WHAT NEEDS TO BE DONE: Nothing outside the range below should be printed. Output exactly the lines from the line with "4th image of 1586 Crimson Road" to the line with "Choferes de la", both included.

RECORDS FOR THIS EXERCISE:
○ ○ ○
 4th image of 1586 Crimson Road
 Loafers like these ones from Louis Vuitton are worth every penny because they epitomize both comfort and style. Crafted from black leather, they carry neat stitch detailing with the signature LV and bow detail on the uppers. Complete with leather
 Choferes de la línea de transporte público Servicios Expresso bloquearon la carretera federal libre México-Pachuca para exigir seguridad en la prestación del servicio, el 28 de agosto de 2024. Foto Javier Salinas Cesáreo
○ ○ ○
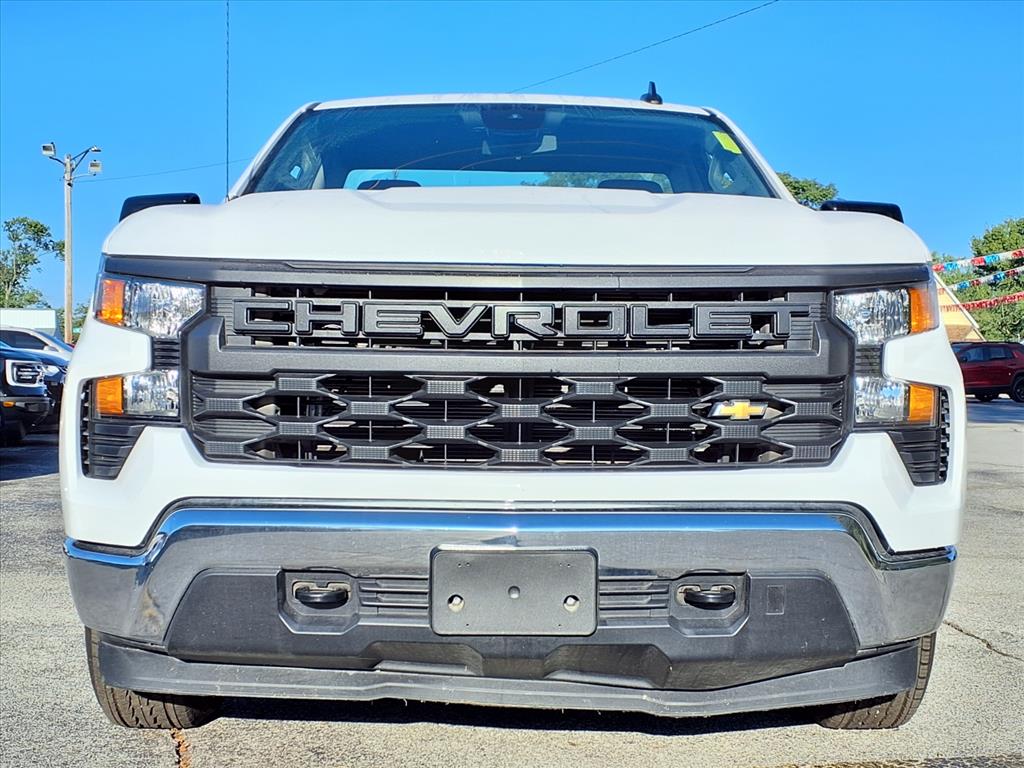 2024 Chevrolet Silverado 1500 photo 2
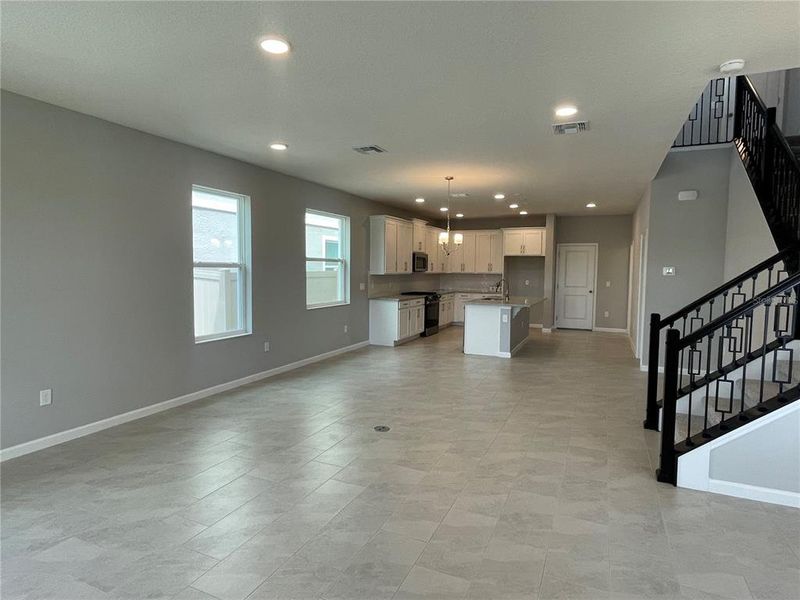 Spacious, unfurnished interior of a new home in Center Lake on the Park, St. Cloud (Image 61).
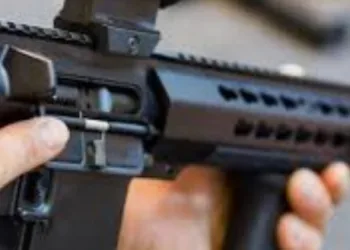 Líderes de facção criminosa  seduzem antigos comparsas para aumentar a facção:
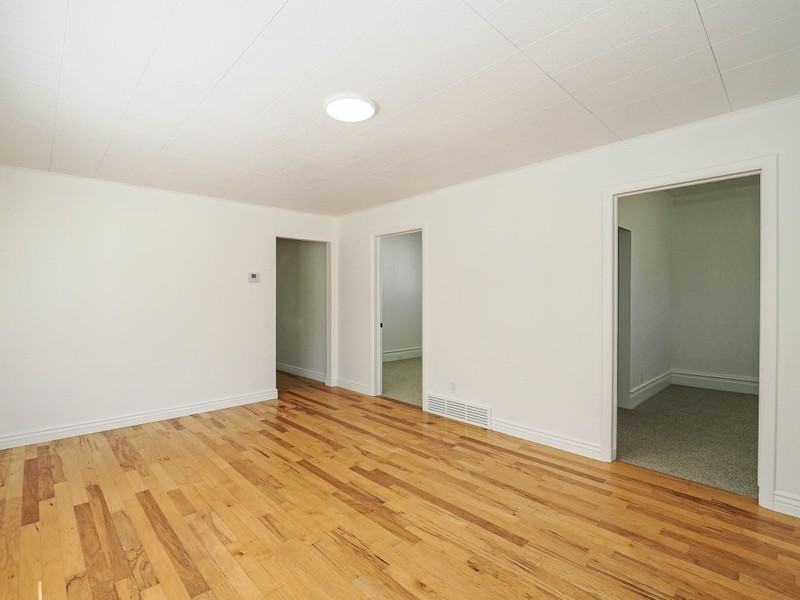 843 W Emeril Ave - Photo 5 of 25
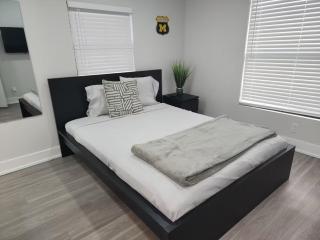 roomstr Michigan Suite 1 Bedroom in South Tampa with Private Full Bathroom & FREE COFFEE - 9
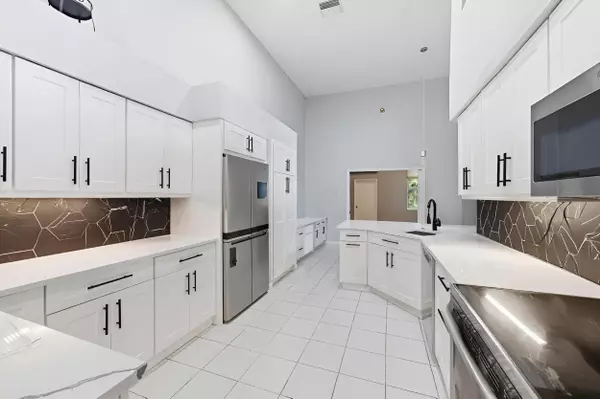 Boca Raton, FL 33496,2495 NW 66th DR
○ ○ ○
WRITTEN RESPONSE:
 4th image of 1586 Crimson Road
 Loafers like these ones from Louis Vuitton are worth every penny because they epitomize both comfort and style. Crafted from black leather, they carry neat stitch detailing with the signature LV and bow detail on the uppers. Complete with leather
 Choferes de la línea de transporte público Servicios Expresso bloquearon la carretera federal libre México-Pachuca para exigir seguridad en la prestación del servicio, el 28 de agosto de 2024. Foto Javier Salinas Cesáreo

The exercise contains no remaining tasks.